## [EXERCISE OBJECTIVE]
Copy out the lines beginning with the one that contains "Morning Dew T-Shirt" and ending with the last line below, exactly as they stand. Pictures are not copied.
(GIVEN INFORMATION begins)
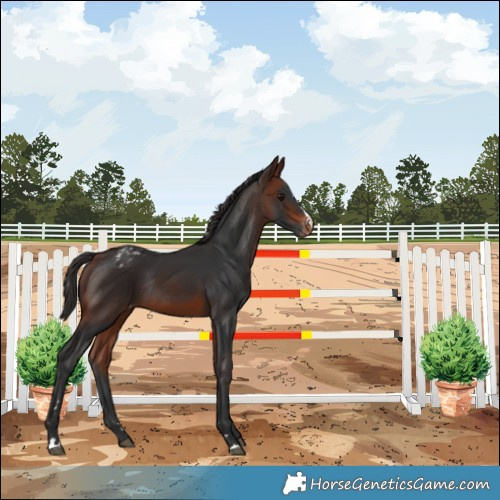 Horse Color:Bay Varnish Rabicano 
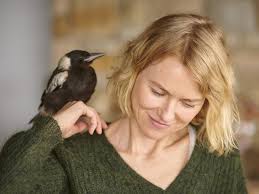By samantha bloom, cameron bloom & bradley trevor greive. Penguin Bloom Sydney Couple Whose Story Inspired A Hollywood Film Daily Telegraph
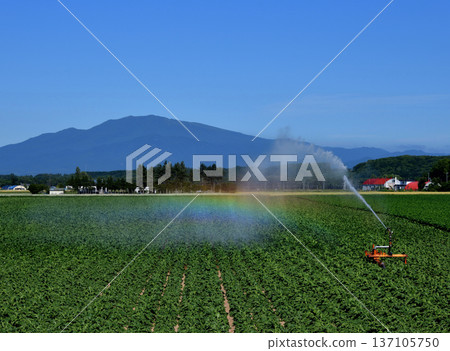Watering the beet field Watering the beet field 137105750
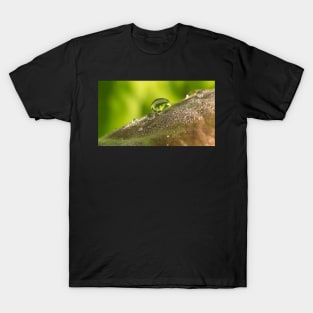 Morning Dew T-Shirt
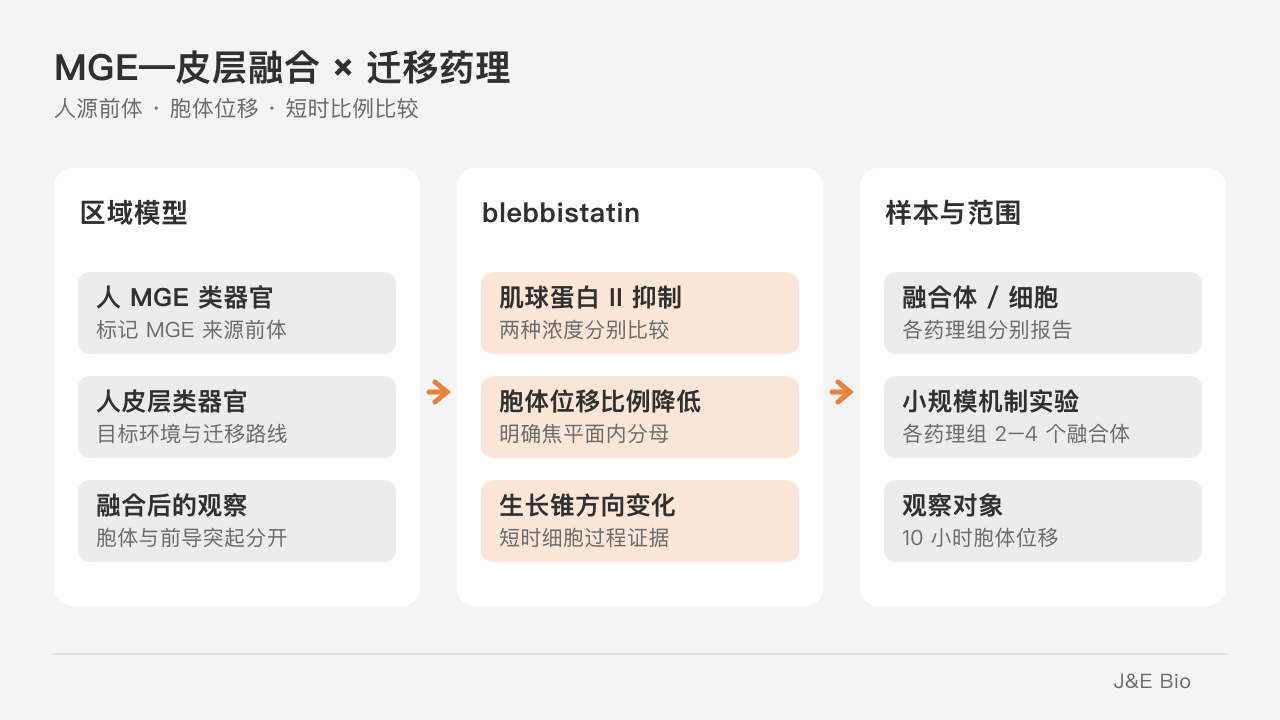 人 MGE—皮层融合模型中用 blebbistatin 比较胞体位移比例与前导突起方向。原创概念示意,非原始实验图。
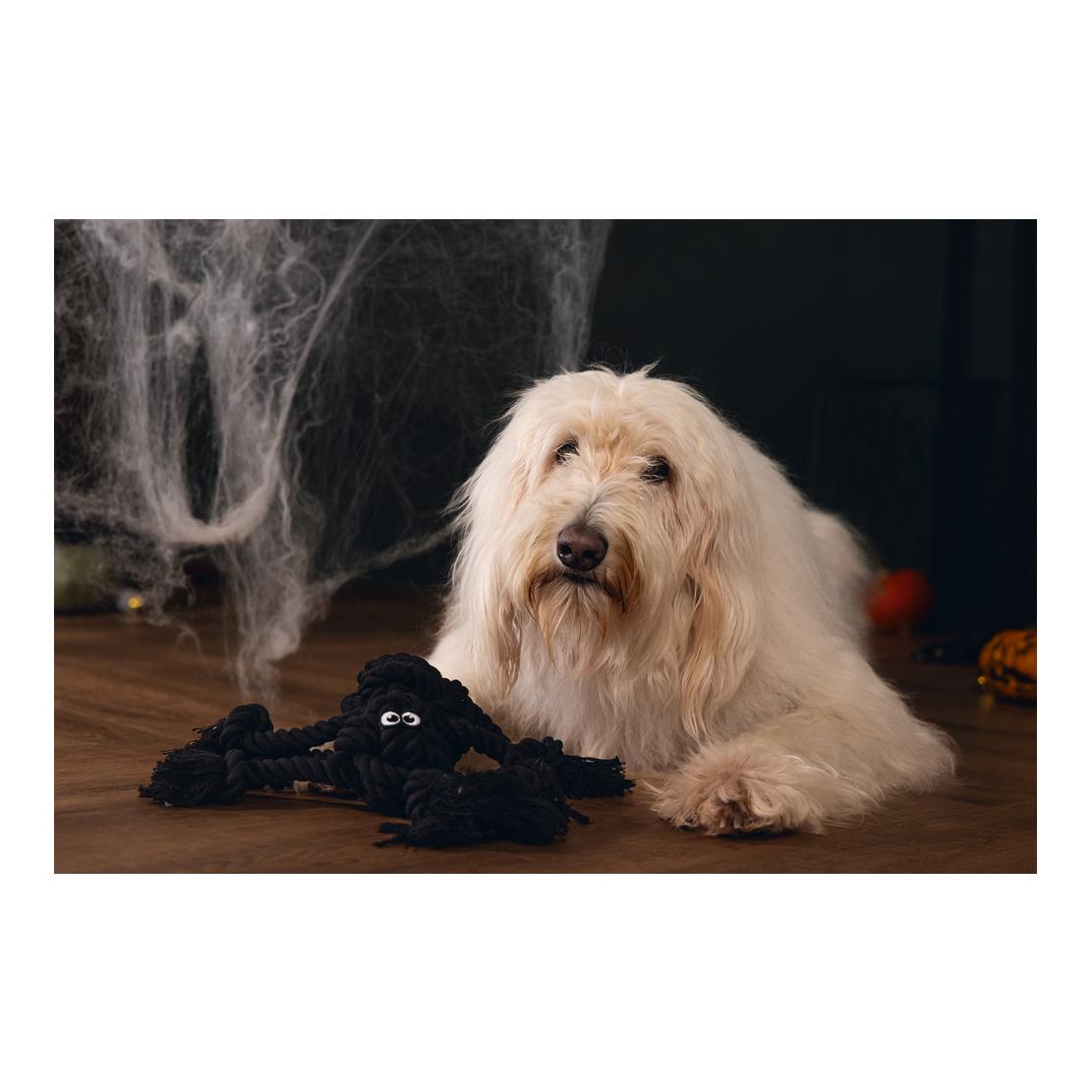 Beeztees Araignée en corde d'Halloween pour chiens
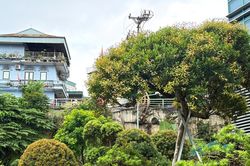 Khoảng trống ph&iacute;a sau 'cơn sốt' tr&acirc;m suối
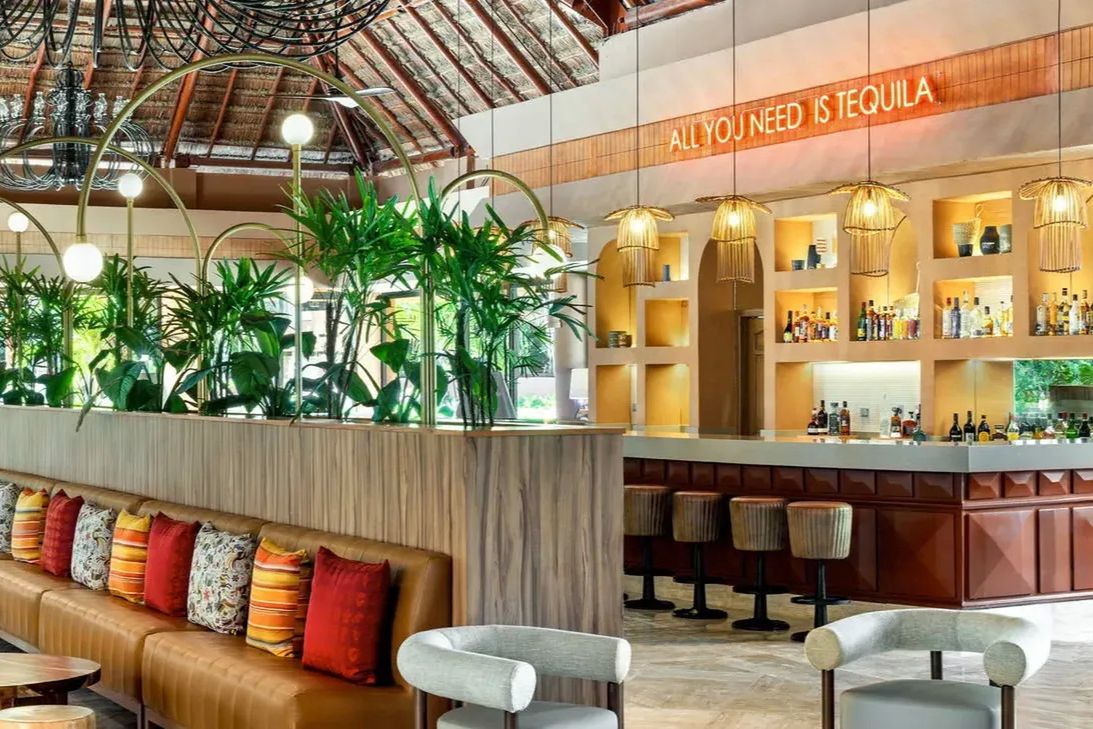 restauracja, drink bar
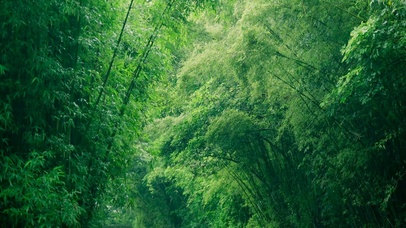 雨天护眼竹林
(GIVEN INFORMATION ends)
## [RESULT]
 Morning Dew T-Shirt
 人 MGE—皮层融合模型中用 blebbistatin 比较胞体位移比例与前导突起方向。原创概念示意,非原始实验图。
 Beeztees Araignée en corde d'Halloween pour chiens
 Khoảng trống ph&iacute;a sau 'cơn sốt' tr&acirc;m suối
 restauracja, drink bar
 雨天护眼竹林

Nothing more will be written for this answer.